I am used to rare, mega-planning sessions. I will take a day a few times a year, and write voluminous notes on all the things I want to do in the next few months, year, or 5-years. I usually break it down into minuscule little segments so I have a to-do list. Then I forget about it until the next planning session.

That's right. I only rarely do anything with those copious notes. The problem is partly my personality--I struggle with detail, especially pre-planned detail. But some of the problem is my planning process. By the time I get around to the tiny details, my stamina for the planning process has waned. I want to get something down, so I write out my little steps, but they aren't realistic. One point may be "design new logo." Designing a new logo, for me, would mean several steps:
  • Brainstorming what I want a logo to accomplish
  • Spend several hours looking at possible logo ideas online
  • Make a few jottings
  • Determine any help I need
  • Price said help, including more do-it-yourself options
  • Finalize logo idea
  • Decide how to reproduce it for print and for products I sell

David Allen, in his book, Getting Things Done: The Art of Stress-Free Productivity(affiliate link) taught me that a thing is not planned until you have all the actionable steps down. So "design new logo" is not a plan. All the steps above, perhaps with more detail, is a plan. Planning to that level of detail is exhausting for me. Today, a little light finally went off in my head.

A big block of time is useful to think through the goals I want to accomplish in the minutes that make up my life. But the actual planning is just too much work to do over a long work session. Today, I had about an hour free. I sat down (with a notebook--as much as I love my computer I'm finally accepting my brain organizes information better on paper) and mapped out several major goals I want to accomplish. When I started to tire, I stopped. I got a lot done and felt good about it.

I will pick up my work again tomorrow or the next day for another hour. My mind is fighting me a bit, because this slower process takes longer. But when I finally get all the pieces together, they will be a well-thought out whole. These "micro-planning" sessions are small in the sense that they deal in small amounts of time and they break projects down into very small bites.

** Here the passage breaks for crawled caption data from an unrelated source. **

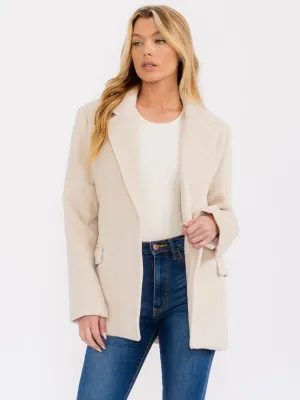 WOMEN'S LONG SLEEVE BUTTON CLOSURE FRONT POCKETS COAT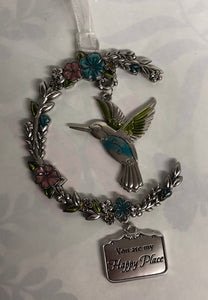 Hummingbird Ornament - Happy Place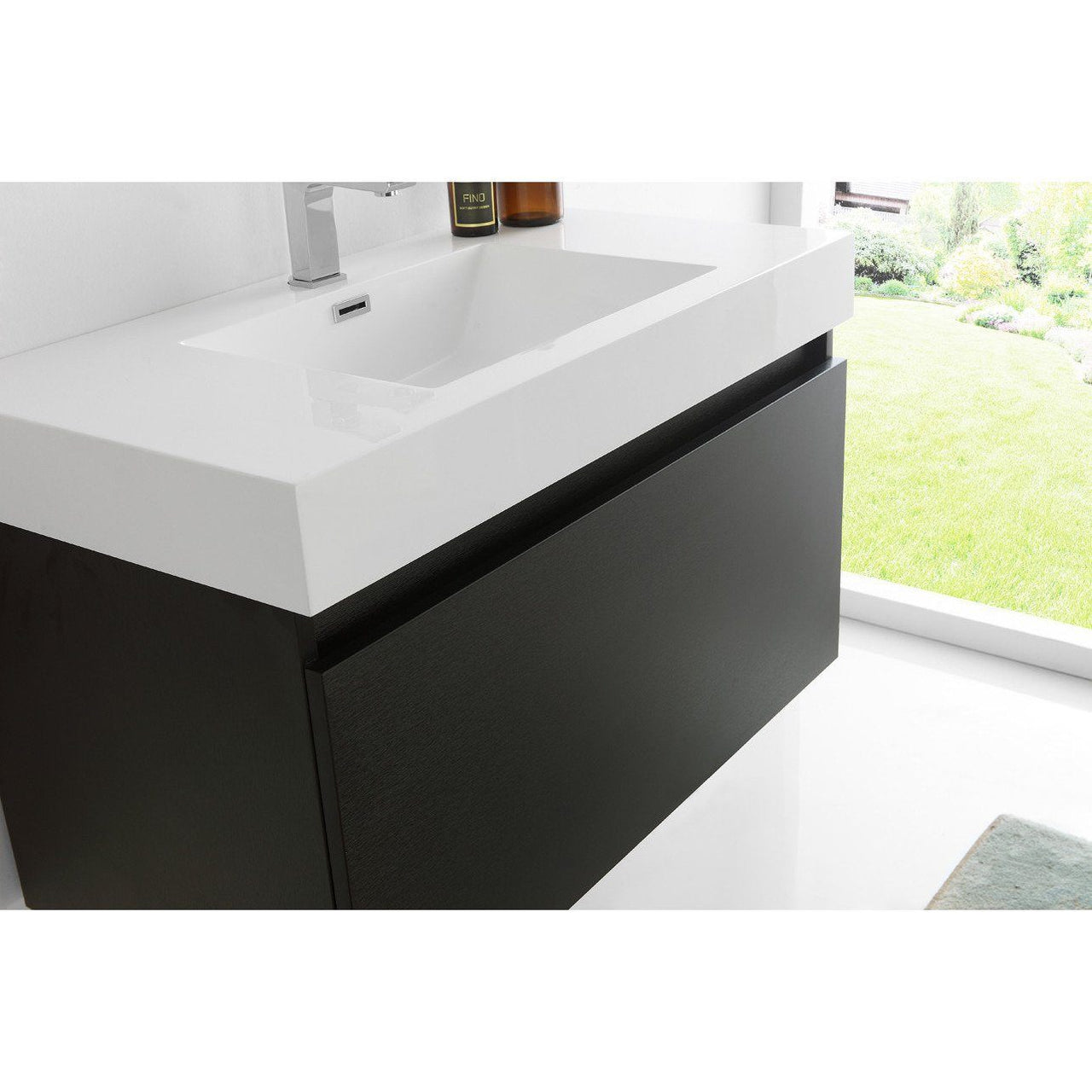 Fresca Mezzo 36" Black Wall Hung Modern Vanity w/ Medicine Cabinet & Free Faucet Vanity Fresca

This year, I have learned that slow effort beats marathon sessions. For me, that effort does not have to be consistent in the sense of having a detailed schedule or coming to it every day. But I do have to plan time to daydream, and think, and then nibble at the actual work of building something--whether it's a budget, a novel, or a clothing business--all things I have on my planning list, and I have even accomplished some of them.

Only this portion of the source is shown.